#### WHAT THE EXERCISE ASKS:
From the material below, reproduce exactly the stretch of lines that begins with the line holding "I Crushed 100" and ends with the line holding "Cute Watercolor Bunny", skipping the pictures.

#### INFORMATION SHOWN:

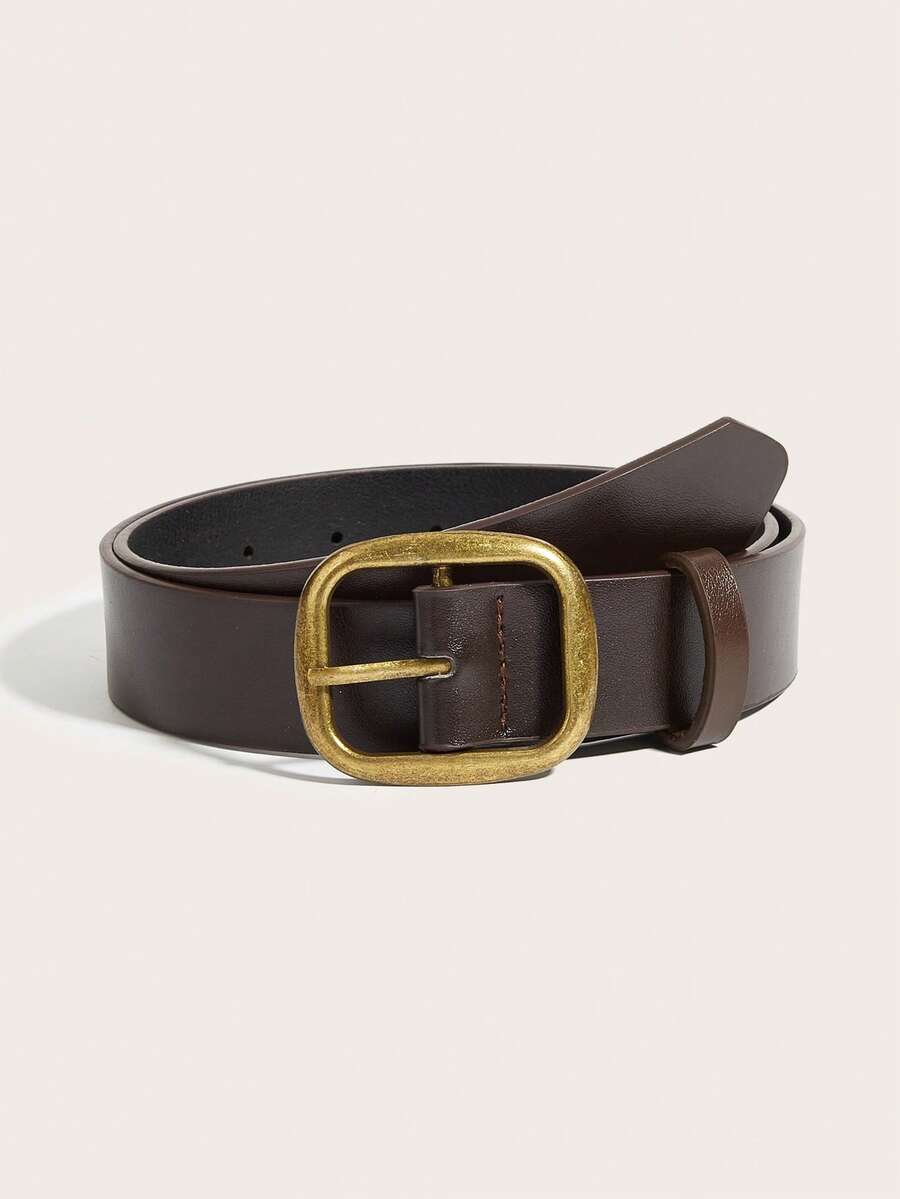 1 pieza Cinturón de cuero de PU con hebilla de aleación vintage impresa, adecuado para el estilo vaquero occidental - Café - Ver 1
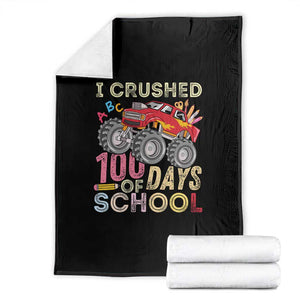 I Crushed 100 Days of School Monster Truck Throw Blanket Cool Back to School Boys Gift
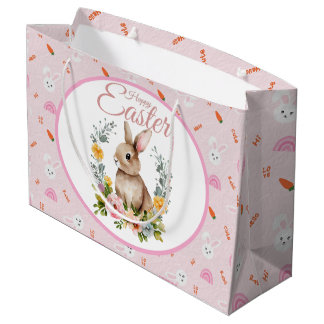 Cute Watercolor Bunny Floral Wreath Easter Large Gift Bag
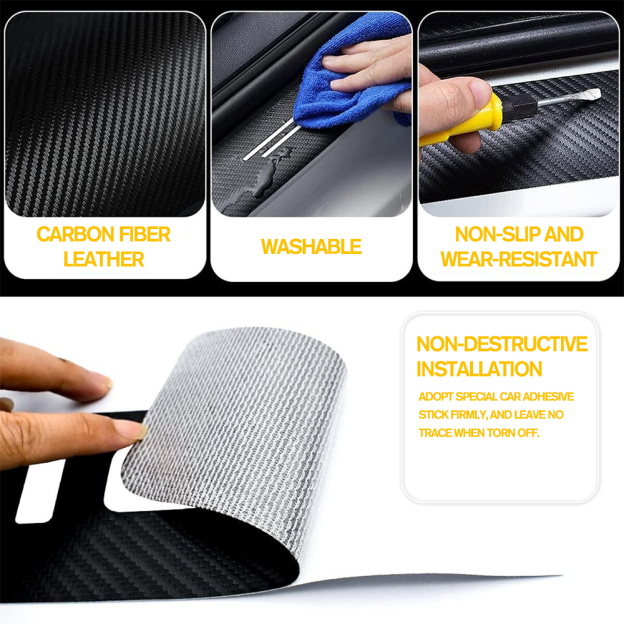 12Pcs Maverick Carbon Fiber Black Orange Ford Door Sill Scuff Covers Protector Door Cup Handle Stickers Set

#### RESPONSE AREA:
 I Crushed 100 Days of School Monster Truck Throw Blanket Cool Back to School Boys Gift
 Cute Watercolor Bunny Floral Wreath Easter Large Gift Bag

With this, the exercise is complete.